• **What the task requires**
The answer must consist only of the lines in the records below from the line with "two police officers" to the line with "Woman holding a weight", both included, copied word for word with every picture left out.

• **Data shown**
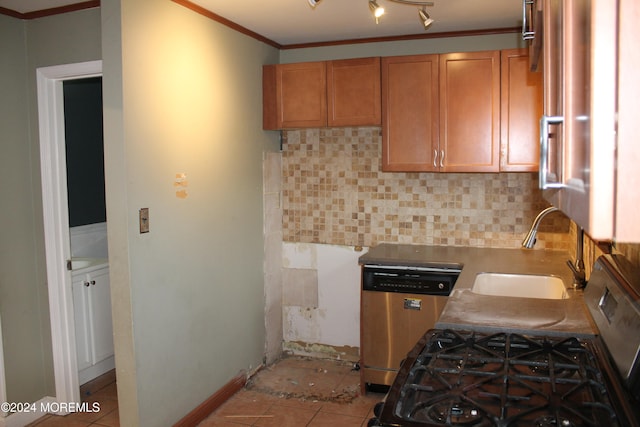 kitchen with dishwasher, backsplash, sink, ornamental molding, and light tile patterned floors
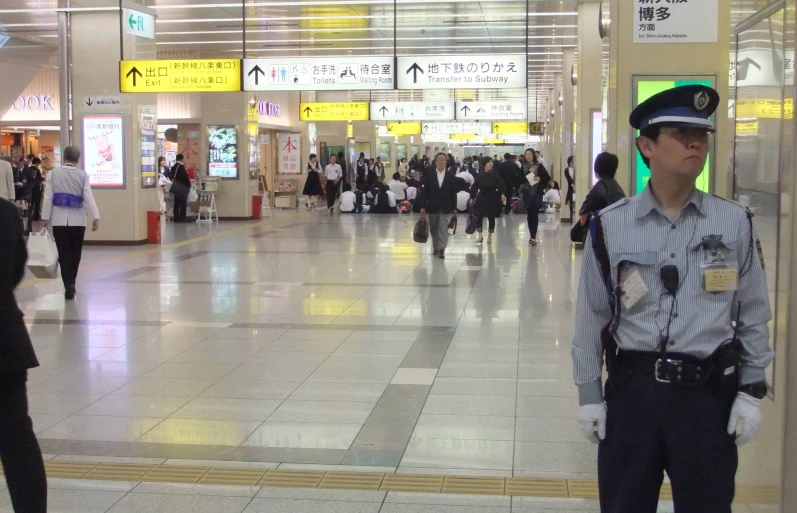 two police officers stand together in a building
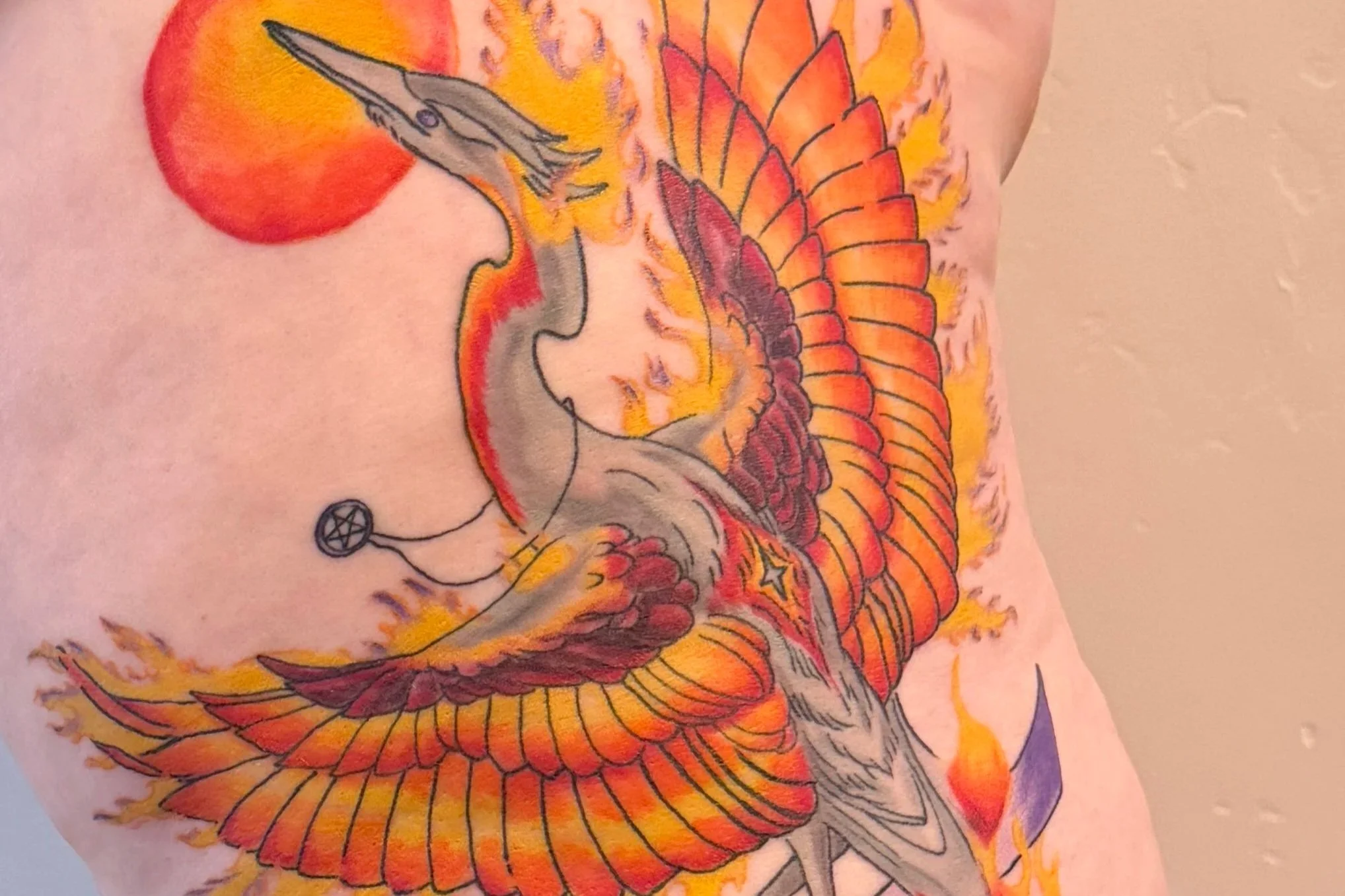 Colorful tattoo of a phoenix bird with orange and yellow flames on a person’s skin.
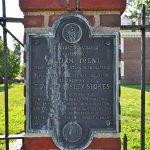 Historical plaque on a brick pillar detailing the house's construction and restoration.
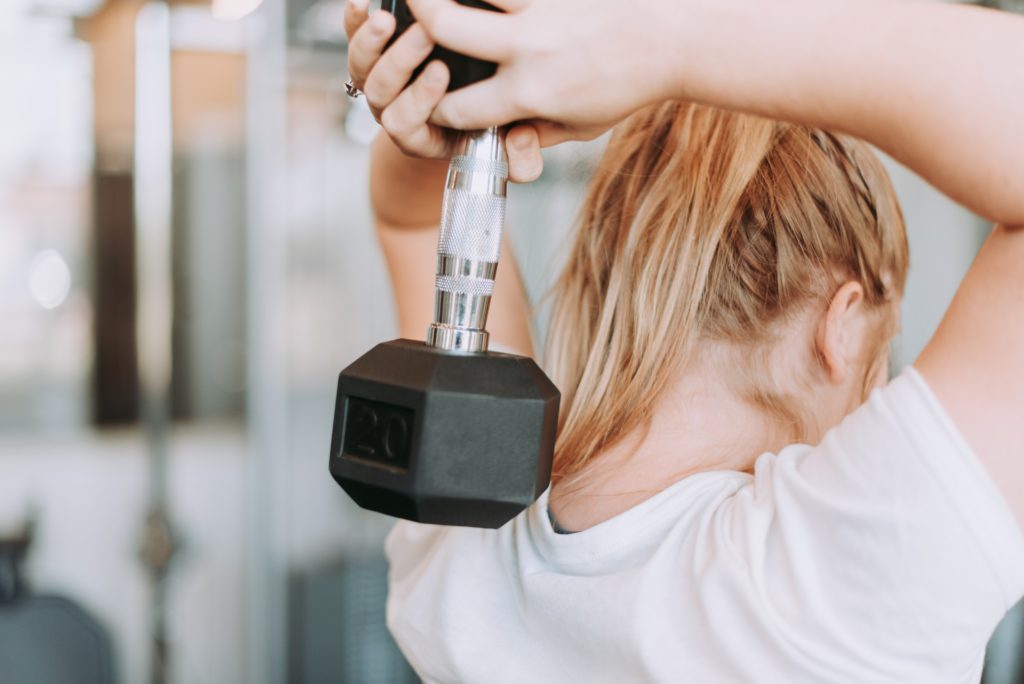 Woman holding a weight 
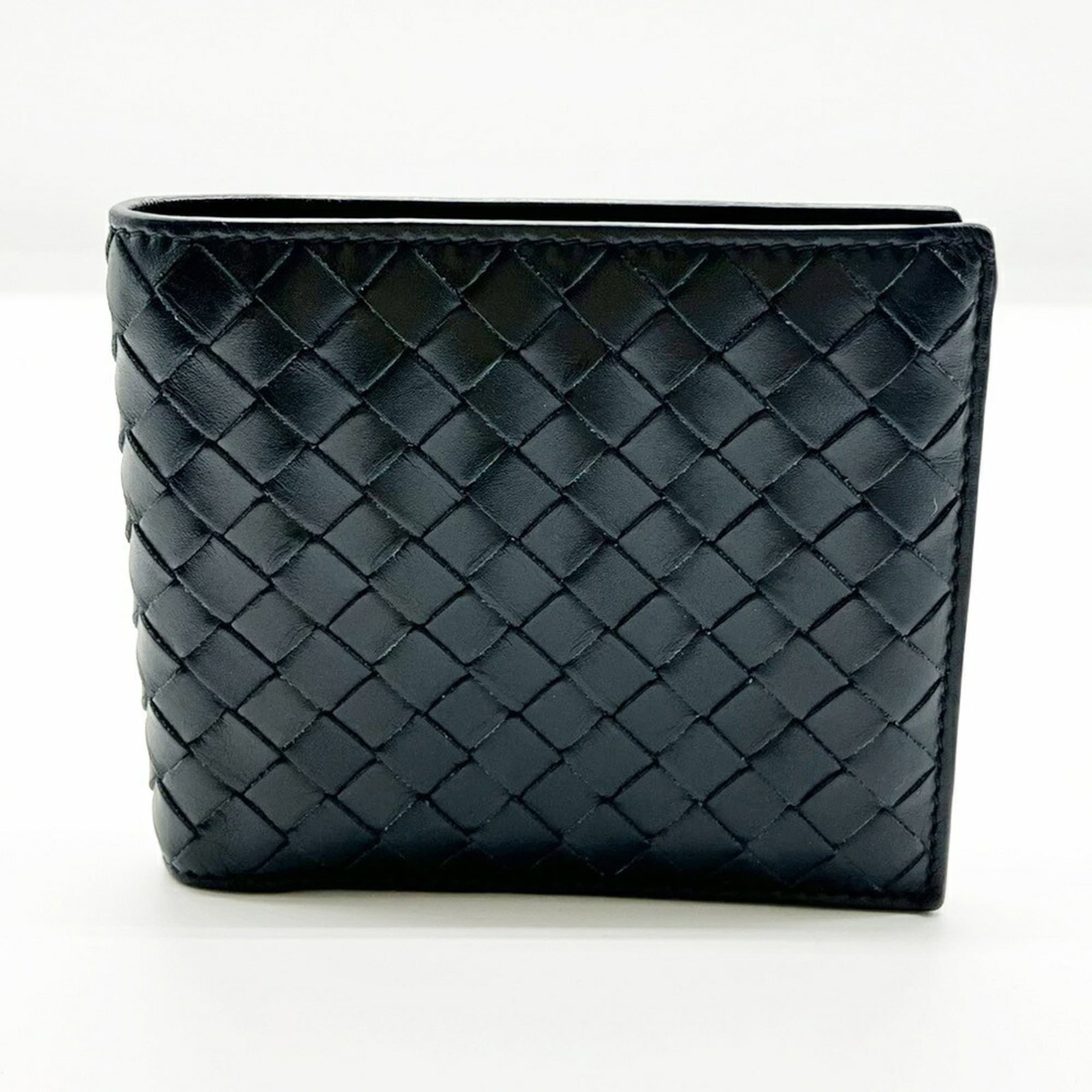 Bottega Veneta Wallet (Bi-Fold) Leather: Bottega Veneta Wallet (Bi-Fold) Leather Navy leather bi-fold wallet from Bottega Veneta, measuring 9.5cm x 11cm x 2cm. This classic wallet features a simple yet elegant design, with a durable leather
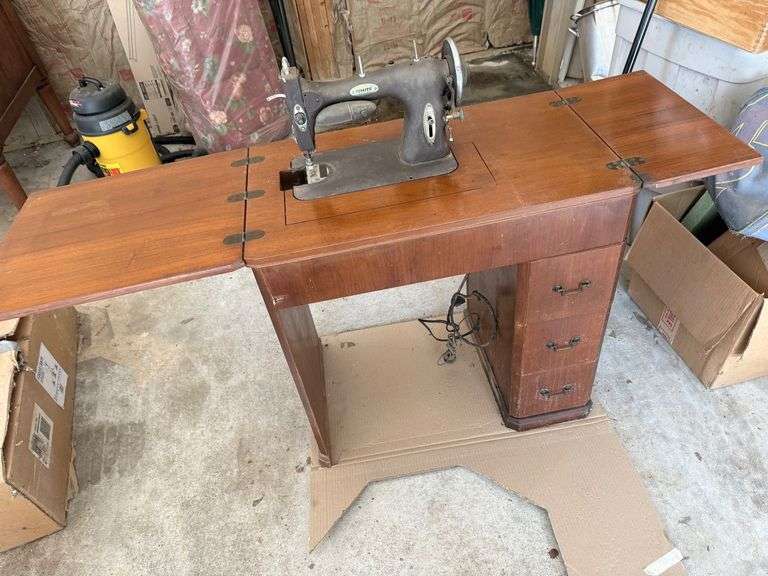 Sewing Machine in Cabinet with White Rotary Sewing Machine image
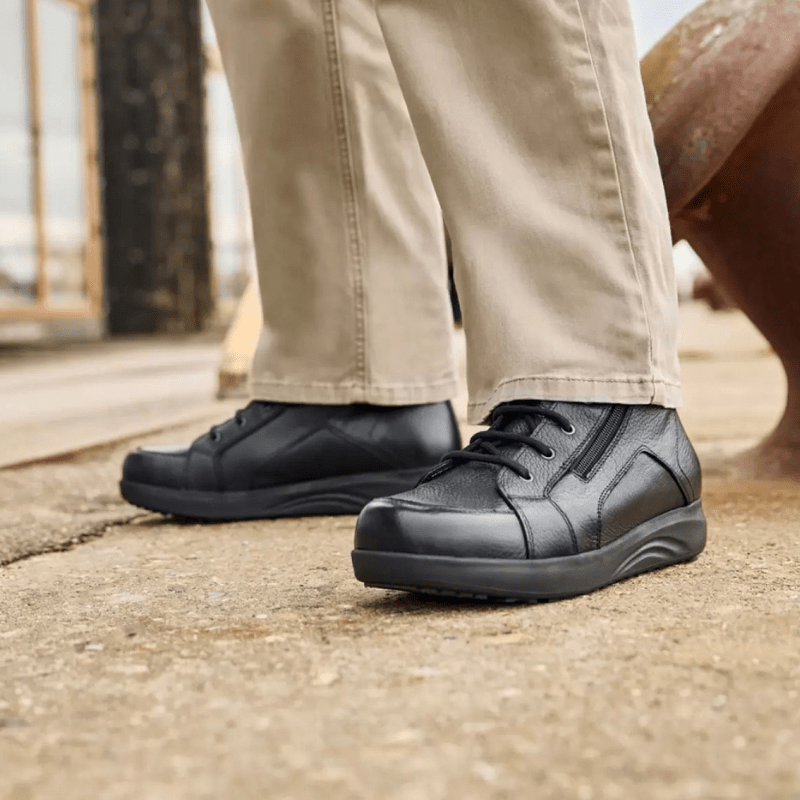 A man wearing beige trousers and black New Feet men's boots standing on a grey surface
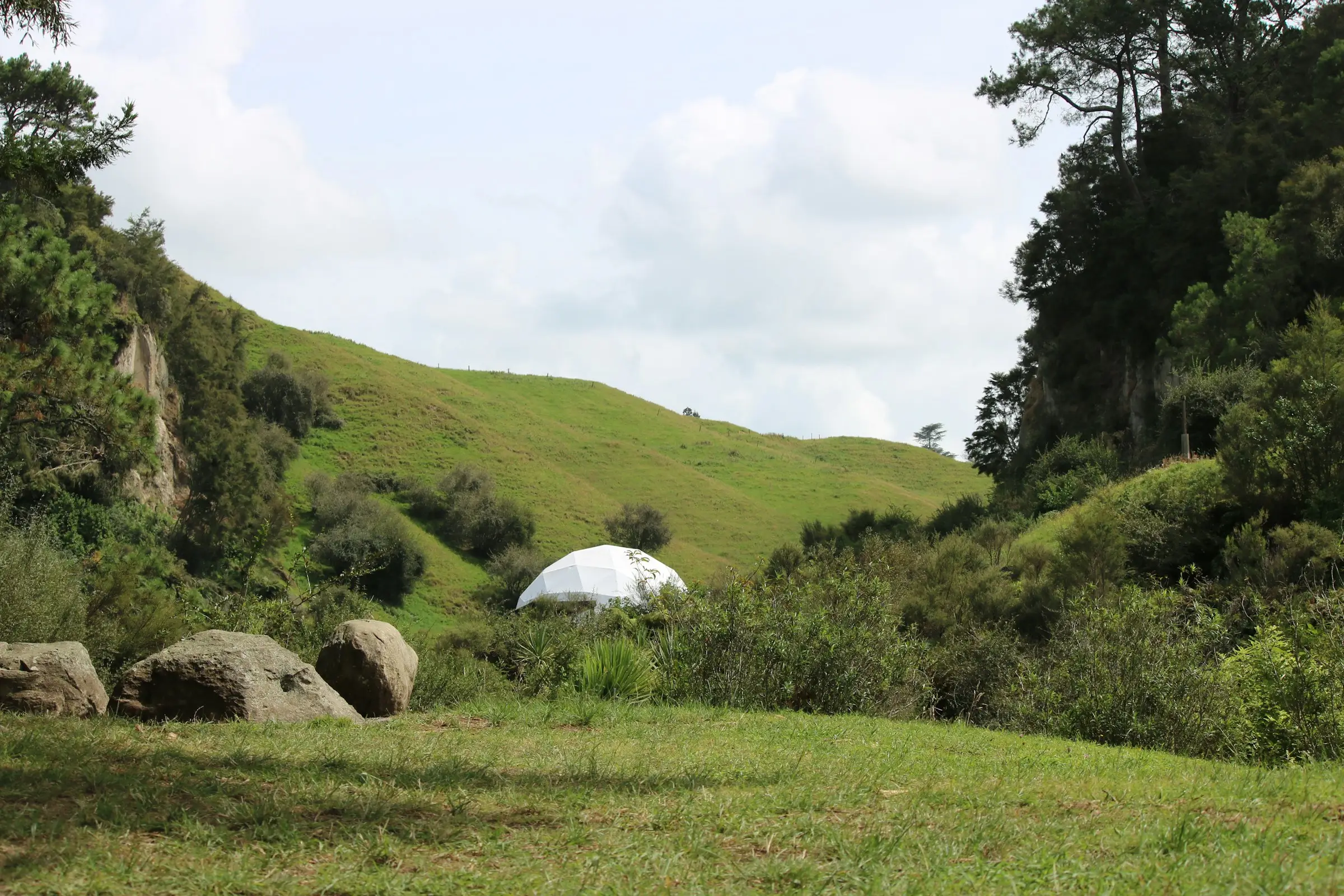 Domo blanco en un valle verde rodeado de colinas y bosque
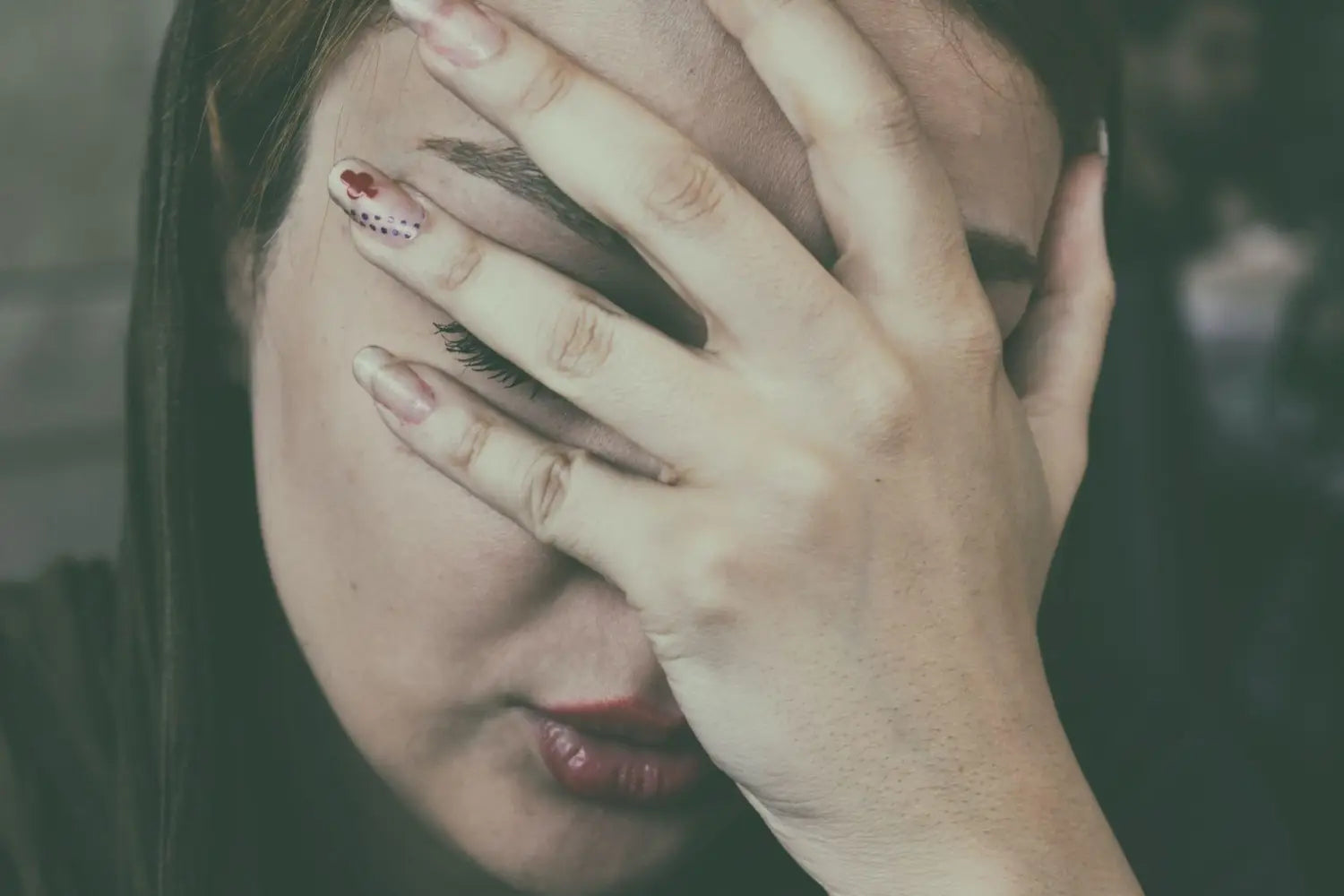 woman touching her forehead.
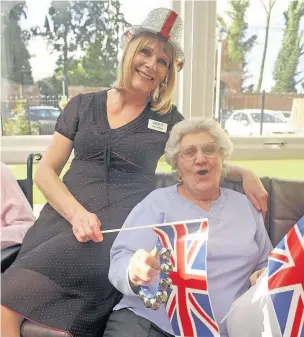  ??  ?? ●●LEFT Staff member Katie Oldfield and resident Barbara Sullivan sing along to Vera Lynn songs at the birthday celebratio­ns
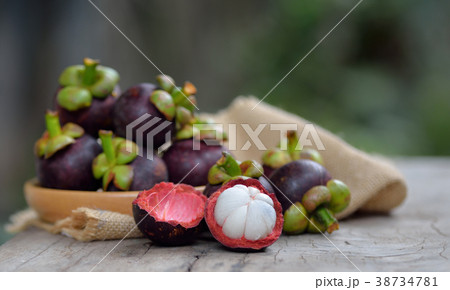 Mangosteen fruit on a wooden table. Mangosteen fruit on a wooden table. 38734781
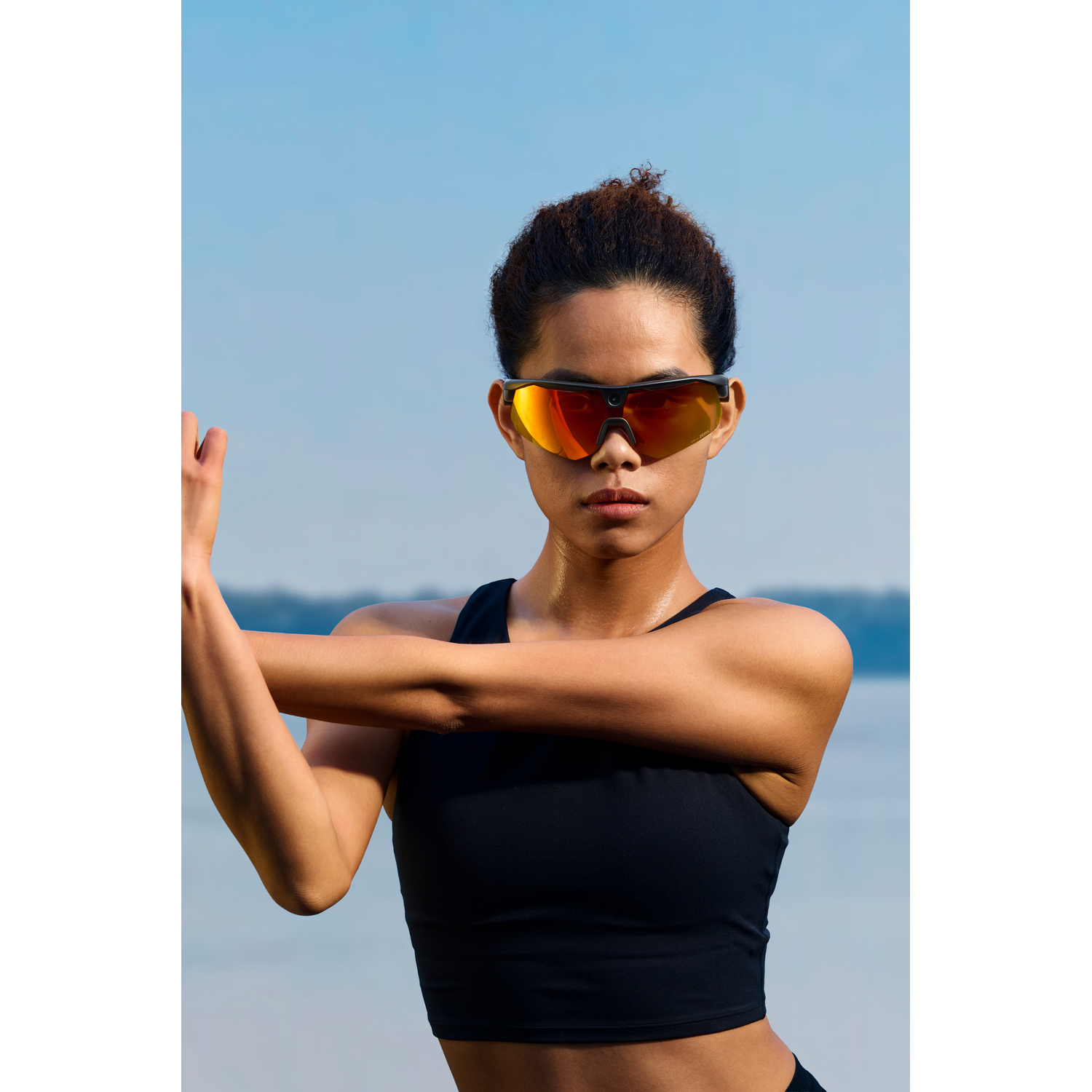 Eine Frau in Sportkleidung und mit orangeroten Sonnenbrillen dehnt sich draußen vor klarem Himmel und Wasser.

• **Exercise solution**
 two police officers stand together in a building
 Colorful tattoo of a phoenix bird with orange and yellow flames on a person’s skin.
 Historical plaque on a brick pillar detailing the house's construction and restoration.
 Woman holding a weight 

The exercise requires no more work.